Book Notes: Jane Austen’s Persuasion

We are reading this novel for my book club. Even though I read it before, I retained absolutely nothing, so it’s like reading a completely new book.

What I don’t like about Austen is that she wrote thesis novels. She’d take a thesis (which is almost invariably that moderation in everything is best) and set out to prove it in the book. The thesis is kind of obvious and deeply non-controversial, and the novels never live up to their full potential because they are subjected to this need to teach a lesson. Austen’s sensibilities are that of the Enlightenment era, and for her art always has to be didactic. It goes in cycles, and today we are back to valuing art that describes reality not as it is but as it should be according to our moral code. Read the article I linked yesterday about sensitivity readers to see what I mean.

Austen’s literary successors – the Romantics – abandoned didacticism (think Brontes) and chose to emote instead of lecturing. Then realists came and started manipulating and teaching moral lessons. Then modernists canned didactic in art for a long time. And now it’s coming back again.

Persuasion shows us the limits of the didactic literary style.

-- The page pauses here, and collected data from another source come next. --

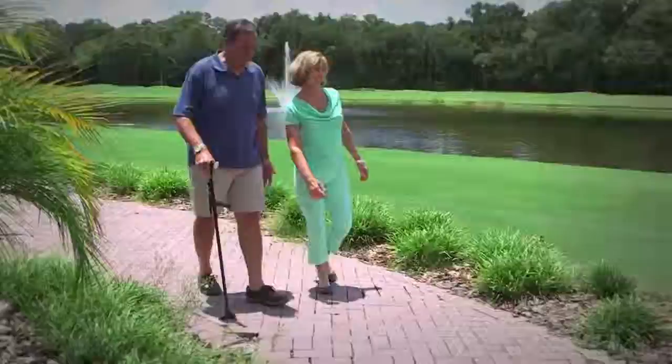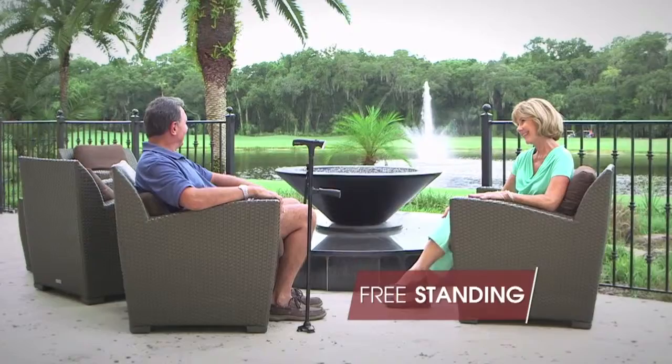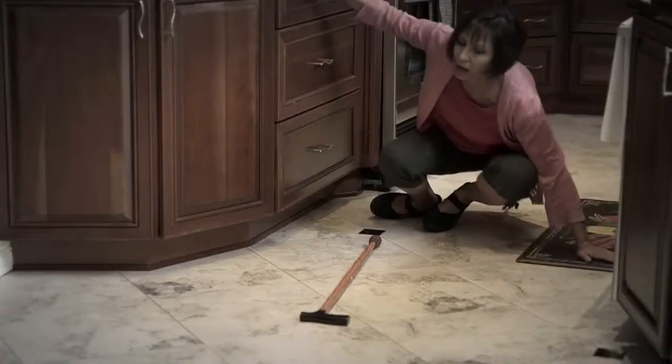The Clever Cane has a durable all-terrain base for gripping support on uneven ground and slippery floors. The secret is the extra-wide 360-degree pivoting base with three stabilizers, ensuring non-slip reliability. It's so stable, it stands by itself. Unlike those other canes that if you let them go, they fall to the ground — and that can lead to you falling and injuring yourself.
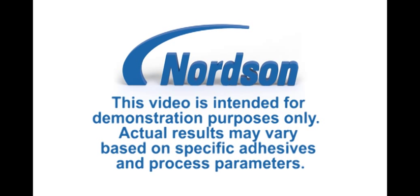This video is intended for demonstration purposes only. Actual results may vary based on specific adhesives and process parameters.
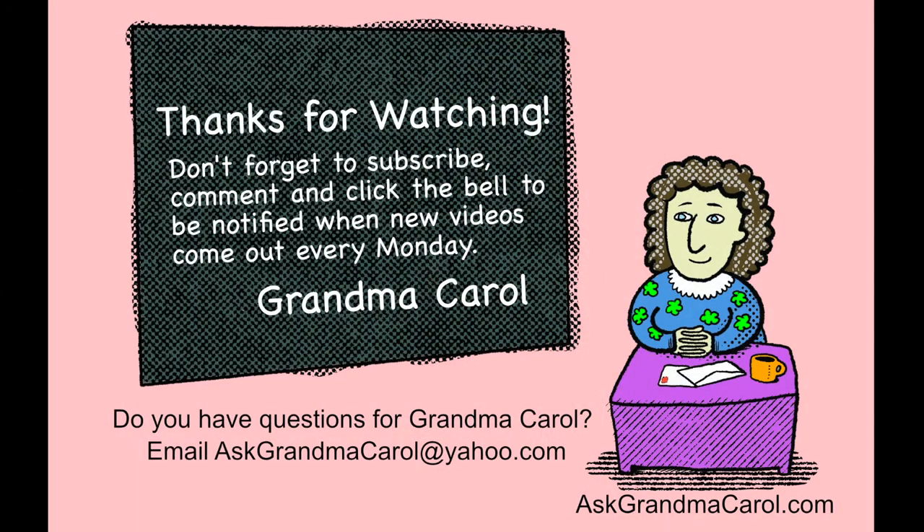I'm so glad you're here spending time with me. Help me make this way more fun, share your curiosity. Who? What? When? Where? Why? And how? Got a question, pose it now. Blank stare, furrowed brow. Just ask Grandma Carol.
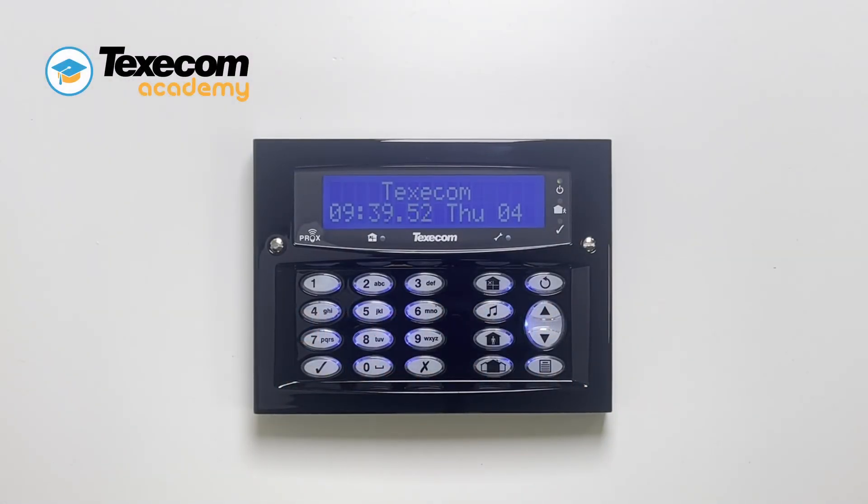The control panel can have three part arms as well as a full arm, allowing you to simply arm part of the system whilst omitting other detectors — commonly used in a night set.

The characters, the stories, and the plot lines appear almost identical to the ones we see in Austen’s other novels. It’s all very predictable, superficial but gossipy and easy to read. Structurally, the novel is weaker than Austen’s other work. Cutting the last twenty pages would have improved the novel dramatically.

But hey, without Austen we wouldn’t have Liane Moriarty and the entire genre of mommy lit, so I can’t complain. Enlightenment authors didn’t write much fiction, preferring didactic treatises but what they did write had a gigantic impact on the trajectory of fiction for centuries to come.

5 thoughts on “Book Notes: Jane Austen’s Persuasion

  1. The gossipy bits are easily the best part of the books from this period! The overarching plot feels inane, the main characters plodding or arch on the whole, but I live for pages upon pages of needless detail on a minor interaction between minor characters, described with wit, levity and keen perception.

    This is honestly what contributed most to flipping my judgement of gossip-mongers from a nerd’s “this is inane bullshit” to treating it as having complexities that I am not skilled enough to appreciate.

    Liked by 1 person

    1. I always thought that because of the way she talks about her characters she’d be funny and exciting as a private person. But nope; I’ve started reading a book with her letters and it was boring as hell.


    2. Not only are the plots non-existent, there are also 4 or 5 characters that appear from one novel to another with different names but identical personalities. The first novel one reads is great. But by the third one, there’s a sensation of being hit over the head with the same, very primitive idea that the author wants you to understand.